Seufzend lasse ich mich auf einen Küchenstuhl fallen und nehme einen tiefen Schluck aus der Flasche. Plötzlich höre ich aufgeregte Stimmen im Haus. Gleich darauf klingelt es und ich beeile mich, um an die Tür zu kommen. Frau Schneider, die eine Etage unter mir wohnt, fuchtelt wild mit ihren Armen und redet so schnell, dass ich kaum was verstehen kann. Das einzige, was ich verstehe ist ´Martin´. Hieß nicht der Kleine unter mir so? Nichts Gutes ahnend greife ich mir meine Schlüssel und ziehe die Türe zu. Ohne weiter auf die alte Dame zu achten renne ich die Treppen nach unten. Eine Etage tiefer steht eine Leiter vor den Fenstern im Flur.

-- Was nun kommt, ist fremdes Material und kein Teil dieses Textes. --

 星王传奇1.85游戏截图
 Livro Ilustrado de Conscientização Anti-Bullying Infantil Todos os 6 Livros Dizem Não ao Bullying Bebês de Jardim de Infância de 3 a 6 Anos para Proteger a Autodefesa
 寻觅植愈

Auf der Leiter steht mein Nachbar, in inniger Umklammerung mit dieser.
Obwohl ich es gerne tun würde, verkneife ich mir mein Grinsen, als ich seinen verzweifelten Blick sehe. „Hatte Ihre Freundin nicht gesagt, dass Sie Höhenangst haben?“, frage ich ihn und kann mir ein Schmunzeln nicht verkneifen. Zaghaft nickt er.
„Und warum stehen Sie dann auf der Leiter?“, neugierig schaue ich ihn an. Bevor er mir antworten kann, werde ich von Frau Schneider aufgeklärt, die für ihr Alter noch recht fix auf der Treppe ist und schon neben mir steht.

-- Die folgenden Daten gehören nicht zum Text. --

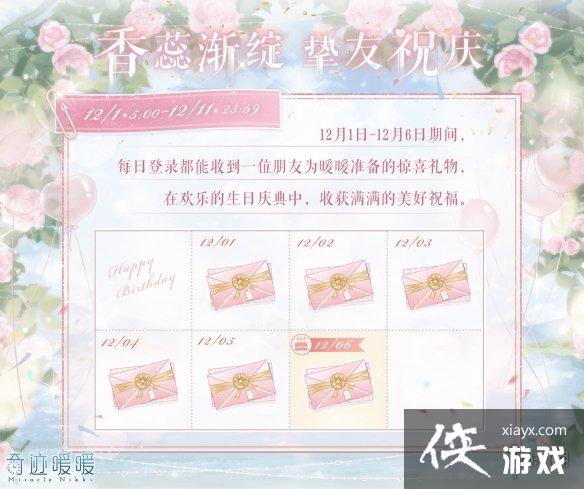 奇迹暖暖时遇瑰途活动介绍 奇迹暖暖时遇瑰途活动介绍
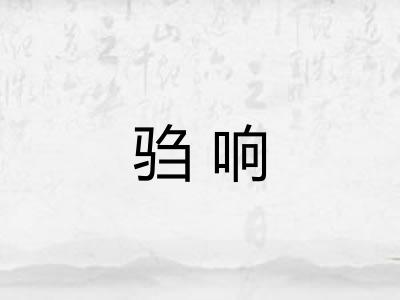 驺响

„Ich habe ihn gebeten meine Fenster zu putzen, da ich doch mit dem Hausputz dran bin. Mein Sohn hatte keine Zeit, der macht das nämlich sonst immer und da habe ich Martin gefragt“, erzählt sie aufgeregt und noch leicht außer Atem. „Aber ich kann doch nicht ahnen, dass der junge Mann Höhenangst hat“, verzweifelt schaut sie mich an. „Können Sie ihn dort runter holen, er hört einfach nicht auf mich, ich habe schon alles versucht.“ Grinsend nicke ich und drehe mich zu meinem Nachbarn um, der immer noch total verkrampft auf der Leiter steht.

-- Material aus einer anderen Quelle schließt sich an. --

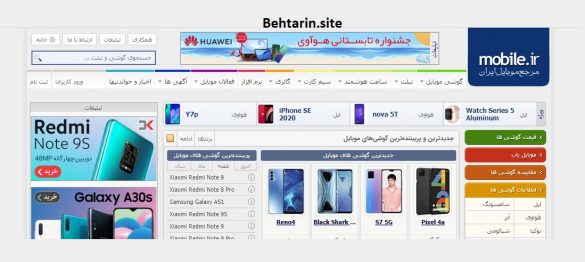 موبایل دات آی آر-صفحه اصلی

Auf einmal schrillt ein lautes Piepsen durchs Haus. „Oh, mein Kuchen ist fertig“, ruft Frau Schneider. „Kommen Sie alleine klar?“, fragt sie unsicher. Dabei geht sie schon in Richtung ihrer Wohnung, aus der es lecker duftet, da die Wohnungstür einen Spalt offen steht.
„Gehen Sie ruhig. Ich mach das schon“, beruhige ich sie und greife nach der Leiter. „Martin. Richtig?“, spreche ich ihn an und bekomme wieder ein zögerliches Nicken als Antwort. „Ich heiße Christian. Wir haben uns ja am Samstag nicht vorgestellt“, versuche ich ihn abzulenken. „So, wir machen es wie letztes Mal“, weise ich ihn leise an, „du schließt die Augen und versuchst dich zu entspannen.“
„Okay“, kommt es zittrig von Martin und er schließt die Augen. Bei meinem Griff an seine Hüften lässt er wieder die Leiter los, ich hebe ihn runter und ziehe ihn an mich, was sich erneut verdammt gut anfühlt. Augenblicklich fängt er an zu zittern. Ihn auf die Arme nehmend flüstere ich ihm Worte zur Beruhigung zu, gehe zu seiner Wohnung und öffne sie, da der Schlüssel von draußen steckt. Nachdem ich die Tür mit meinem Fuß zugeschubst habe, setze ich ihn vorsichtig auf dem Sofa ab und hocke mich vor ihn hin. Er zittert immer noch und ich streiche über seine Knie. „Hey, alles gut“, raune ich ihm zu. „Soll ich deine Freundin anrufen?“ Energisch schüttelt er den Kopf, hebt seinen Blick und schaut mich mit seinen Schokoaugen an.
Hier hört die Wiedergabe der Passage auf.